The appellee FDIC, following its appointment as receiver of the assets of the Hamilton National Bank of Chattanooga in the U. S. District Court for the Eastern District of Tennessee, exercised a power of sale in a deed to secure debt to certain DeKalb County real estate by the grantor Windland Company. Confirmation of the foreclosure sale was applied for in and granted by the U. S. District Court for the Northern District of Georgia. The present action for deficiency judgment was then filed in the Superior Court of DeKalb County. The appellee applied for and obtained a summary judgment from which Windland Co. and its guarantor Hanes appeal.
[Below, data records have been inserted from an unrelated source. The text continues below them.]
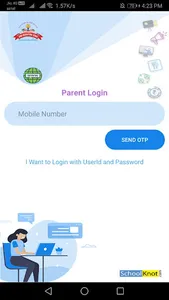 Shine international school screenshot 0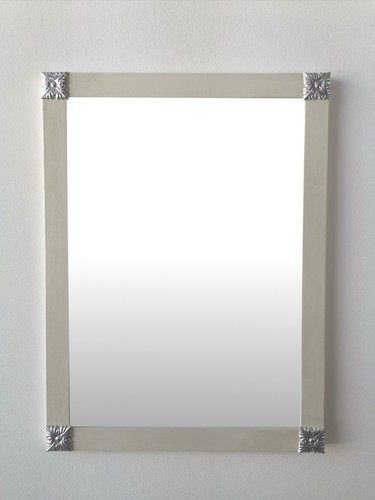 Specchio con cornice - cornice, legno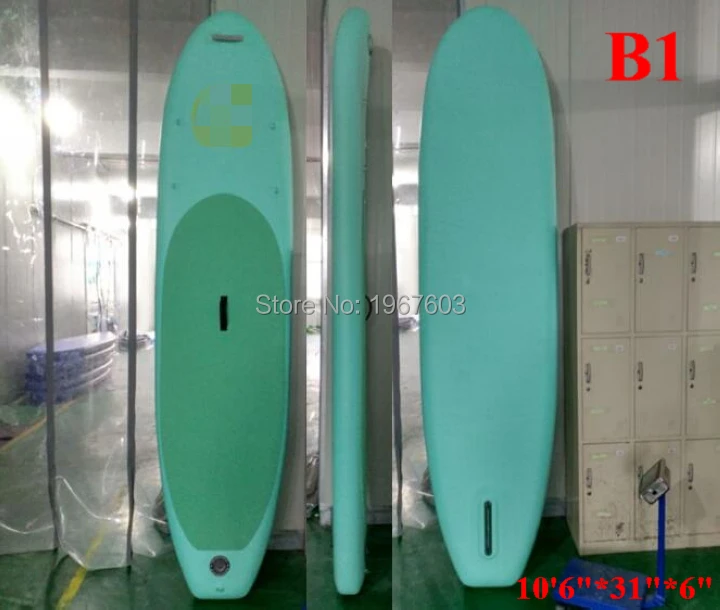 Круглая модель надувной доски для серфинга SUP paddle Board strong dropstitch 10'"* 31"* " доска B1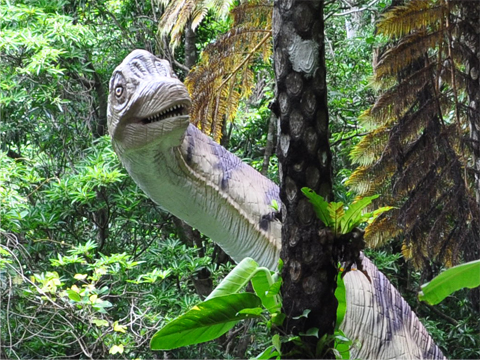 DINO 恐竜 PARK やんばる亜熱帯の森 | 沖縄のお土産 - 元祖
Held:
1. Code § 67-1503 requires, when real estate is foreclosed on and sold under power without legal process, that "no action may be taken to obtain a deficiency judgment unless the person instituting the foreclosure proceedings shall, within 30 days of such sale, report the sale to the judge of the superior court of the county in which the land lies for confirmation and approval, and obtains an order of confirmation and approval thereon." The U. S. District Court for the Northern District of Georgia in its Confirmation Order No. C77-914A dated December 13, 1977, held that "federal jurisdiction exists over confirmation proceedings by Ga. Code § 67-1503 ... despite language in the Georgia statute specifically requiring that the report of the foreclosure sale be made to the judge of the Georgia Superior Court of the county where the land lies," citing FDIC v. Honea, 440 FSupp. 1064. In that case federal jurisdiction of a proceeding seeking a confirmation after foreclosure sale was challenged. The court held that the federal court had jurisdiction despite the language of Code § 67-1503 limiting it to superior courts of counties where the real estate is situated, because FDIC was a party and because *743 the application was a civil action to wind up the affairs of an insolvent national bank. It further held, citing Markham v. City of Newport News, 292 F2d 711 (4th Cir. 1961) that where a state provides a substantive right and attempts to limit the remedy for its enforcement to a proceeding in a state court, the controversy may be adjudicated in any United States District Court which would otherwise have jurisdiction had such restriction not been placed thereon. It then held that Code § 67-1503, although requiring a confirmation of sale by the superior court of the county where the land lies as a condition precedent to an action for deficiency judgment should be construed as allowing the confirmation proceedings to be brought in any United States District Court which would otherwise present an available forum. No ruling was made as to the bringing of any subsequent deficiency action.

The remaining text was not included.